Bem, estou então a apreciar os primeiros dias de verdadeira época quente da melhor forma – com muita mais clareza do que há umas semanas atrás.

ora agora, de hormonas mais certinhas e tratamento que o meu corpo há muito pedia encontro-me…
CALMA

e quão estranha é esta sensação! – por isso ainda a escrevo em maiúsculas

o coração bate de forma rítmica, certa e sem quase dar por ele…
não preciso de estar sempre a aspirar…
consigo não estar a pensar em 5 coisas ao mesmo tempo (é uma tortura nem conseguir ler pois sou interrompida por imagens e frases e coisas para fazer e “filmes” de todo o género)
estou com uma vontade estupidamente infantil de ir ali para o parque de estacionamento e deitar-me no asfalto ao sol.
há uns tempos era capaz de o fazer – mas agora não preciso.
em vez de telefonar, fui tratar de assuntos chatos aos próprios sítios. Nunca tenho paciência para essas coisas e a internet e telemóvel salvam-me mas… apeteceu-me!
apeteceu-me ir comprar as pilhas que precisava para uma máquina às 9 da manhã.
apeteceu-me ficar à porta do café por 10 minutos antes das 7 da manhã porque queria sair de casa e queria apanhar ar fresco – seguido de um bom café numa esplanada vazia

apeteceu-me mudar certos hábitos. e mudei (ok não vou aqui deixar de relevar a importância do quadro hormonal mais equilibrado…)

e agora apetece-me… aproveitar.

com tranquilidade.

Poderia adiantar trabalho hoje?
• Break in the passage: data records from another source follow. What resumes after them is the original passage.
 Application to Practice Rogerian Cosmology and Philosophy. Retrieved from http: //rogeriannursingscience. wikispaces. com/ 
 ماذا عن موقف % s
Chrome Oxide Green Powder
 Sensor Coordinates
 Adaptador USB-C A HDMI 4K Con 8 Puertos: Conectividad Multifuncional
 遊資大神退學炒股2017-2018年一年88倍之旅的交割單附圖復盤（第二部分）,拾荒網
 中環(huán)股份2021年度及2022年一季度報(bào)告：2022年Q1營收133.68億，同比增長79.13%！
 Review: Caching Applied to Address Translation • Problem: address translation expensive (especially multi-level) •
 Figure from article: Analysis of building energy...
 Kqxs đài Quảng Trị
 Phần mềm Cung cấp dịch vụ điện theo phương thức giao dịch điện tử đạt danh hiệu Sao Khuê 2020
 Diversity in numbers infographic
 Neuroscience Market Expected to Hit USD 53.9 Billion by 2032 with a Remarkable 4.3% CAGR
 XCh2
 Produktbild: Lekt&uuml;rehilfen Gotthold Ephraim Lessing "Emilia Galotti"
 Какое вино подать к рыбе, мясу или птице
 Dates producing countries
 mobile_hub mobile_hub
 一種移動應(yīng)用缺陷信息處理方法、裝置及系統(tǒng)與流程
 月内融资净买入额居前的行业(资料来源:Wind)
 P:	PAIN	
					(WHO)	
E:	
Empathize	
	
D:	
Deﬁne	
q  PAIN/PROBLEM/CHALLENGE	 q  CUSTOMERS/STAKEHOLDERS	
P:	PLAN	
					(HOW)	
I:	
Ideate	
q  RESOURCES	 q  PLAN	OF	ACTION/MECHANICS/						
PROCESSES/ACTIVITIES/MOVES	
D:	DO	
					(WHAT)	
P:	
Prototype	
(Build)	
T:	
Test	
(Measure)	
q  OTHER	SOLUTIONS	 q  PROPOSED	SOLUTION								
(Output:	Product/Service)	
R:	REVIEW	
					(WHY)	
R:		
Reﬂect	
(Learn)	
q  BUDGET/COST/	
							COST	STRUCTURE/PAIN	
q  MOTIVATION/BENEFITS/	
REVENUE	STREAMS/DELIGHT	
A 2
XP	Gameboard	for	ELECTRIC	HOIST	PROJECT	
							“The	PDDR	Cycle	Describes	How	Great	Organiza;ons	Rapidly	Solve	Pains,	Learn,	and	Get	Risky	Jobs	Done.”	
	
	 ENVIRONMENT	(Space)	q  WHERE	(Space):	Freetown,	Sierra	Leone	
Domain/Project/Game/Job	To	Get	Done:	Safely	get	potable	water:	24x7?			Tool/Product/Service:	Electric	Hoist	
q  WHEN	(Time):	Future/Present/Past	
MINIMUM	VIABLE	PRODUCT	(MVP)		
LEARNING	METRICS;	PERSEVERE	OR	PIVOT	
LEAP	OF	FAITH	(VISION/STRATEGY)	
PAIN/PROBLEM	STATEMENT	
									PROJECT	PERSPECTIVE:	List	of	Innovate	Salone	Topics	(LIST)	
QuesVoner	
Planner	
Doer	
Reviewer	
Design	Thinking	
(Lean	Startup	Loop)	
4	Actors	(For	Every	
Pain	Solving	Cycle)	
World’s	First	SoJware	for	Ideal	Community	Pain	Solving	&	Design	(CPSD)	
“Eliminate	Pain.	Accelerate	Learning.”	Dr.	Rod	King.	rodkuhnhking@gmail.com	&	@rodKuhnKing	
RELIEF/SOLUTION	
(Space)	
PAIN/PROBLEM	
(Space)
Sim.
Mas não é de todo necessário.

depois vou vestir roupa mais fresca e sair para jantar.
apetece-me comer as coisas que gosto

alturas idas estão a voltar:

em que o equilíbrio era natural e não precisava de química ajustada,

em que os dias de sol não me assustavam

e que acordava de janela aberta para sentir o sol na cara.

e após o jantar, um filme, gelado (Carte D’Or Lemon Pie é o nome dele afinal) e uma cigarrilha de boa noite.

porque assim, bem, durmo descansada pois sei que acordo sem todas aquelas tonturas e tremores, de coração na boca e ouvidos tapados.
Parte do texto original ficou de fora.